In addition to the regulatory measures required by Roosevelt’s New Nationalism, the reforms he advocated included environmental conservation, a progressive income and inheritance tax, workmen’s compensation, workplace safety, regulation of child labor, funding and reform of public education, farm cooperatives, day-care centers, a minimum wage, and a statutory limitation on working hours.
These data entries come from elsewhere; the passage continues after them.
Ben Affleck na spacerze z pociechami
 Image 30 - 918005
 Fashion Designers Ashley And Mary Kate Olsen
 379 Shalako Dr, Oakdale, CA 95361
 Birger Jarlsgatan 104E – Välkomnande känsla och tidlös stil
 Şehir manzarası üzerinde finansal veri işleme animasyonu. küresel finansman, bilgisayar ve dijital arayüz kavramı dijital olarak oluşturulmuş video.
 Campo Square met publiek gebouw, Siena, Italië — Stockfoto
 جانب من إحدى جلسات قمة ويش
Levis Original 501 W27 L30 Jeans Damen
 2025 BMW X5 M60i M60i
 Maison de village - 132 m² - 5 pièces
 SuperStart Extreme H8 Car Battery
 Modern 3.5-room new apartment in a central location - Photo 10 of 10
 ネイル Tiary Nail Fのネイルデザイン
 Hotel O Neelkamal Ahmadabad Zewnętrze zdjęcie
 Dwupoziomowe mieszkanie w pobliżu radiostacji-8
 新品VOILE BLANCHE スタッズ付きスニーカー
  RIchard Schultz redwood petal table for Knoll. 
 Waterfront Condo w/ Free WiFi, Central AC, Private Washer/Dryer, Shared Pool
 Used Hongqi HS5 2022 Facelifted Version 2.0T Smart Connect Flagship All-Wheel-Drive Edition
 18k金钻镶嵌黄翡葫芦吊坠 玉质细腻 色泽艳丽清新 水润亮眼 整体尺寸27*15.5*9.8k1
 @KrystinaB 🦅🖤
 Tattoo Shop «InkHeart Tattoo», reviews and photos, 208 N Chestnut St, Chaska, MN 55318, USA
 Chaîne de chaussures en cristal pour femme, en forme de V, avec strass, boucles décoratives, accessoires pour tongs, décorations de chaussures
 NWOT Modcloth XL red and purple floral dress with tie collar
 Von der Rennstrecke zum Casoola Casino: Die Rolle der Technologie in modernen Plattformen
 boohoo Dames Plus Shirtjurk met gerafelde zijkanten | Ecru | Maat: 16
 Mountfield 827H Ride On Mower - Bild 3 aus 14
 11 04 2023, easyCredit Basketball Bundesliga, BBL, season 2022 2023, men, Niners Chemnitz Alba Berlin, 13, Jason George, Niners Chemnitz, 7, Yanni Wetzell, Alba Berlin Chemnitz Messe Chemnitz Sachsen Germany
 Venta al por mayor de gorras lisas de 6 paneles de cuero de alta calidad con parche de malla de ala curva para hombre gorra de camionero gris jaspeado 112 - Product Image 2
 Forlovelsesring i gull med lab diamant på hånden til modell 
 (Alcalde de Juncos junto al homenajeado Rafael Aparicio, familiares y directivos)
My point is that a socialist sensibility was not then the exclusive property of radicals on the left, that it is not now this property, and that it never will be. The socialist Left was then larger than its self-consciously radical, sectarian, or academic constituents, and it has remained so unto our own time. Beyond that, let me note that socialists, conscious or not, have differed significantly on the role of the state in defining, modulating, and limiting the rights of property, and, in doing so, they have moved the boundary between the state and civil society. The corporate liberals who borrowed from the socialist repertoire succeeded in the early twentieth century because their design for a more democratic future was more in keeping with the American political tradition than the Populist or the avowedly socialist alternatives—it was less radical, and more revolutionary, because it insisted on the founding principle of the sovereignty of the people, the supremacy of society over the state. That is, it did not impose statist command on civil society, as would those alternatives, and yet it enhanced the regulatory power of the state.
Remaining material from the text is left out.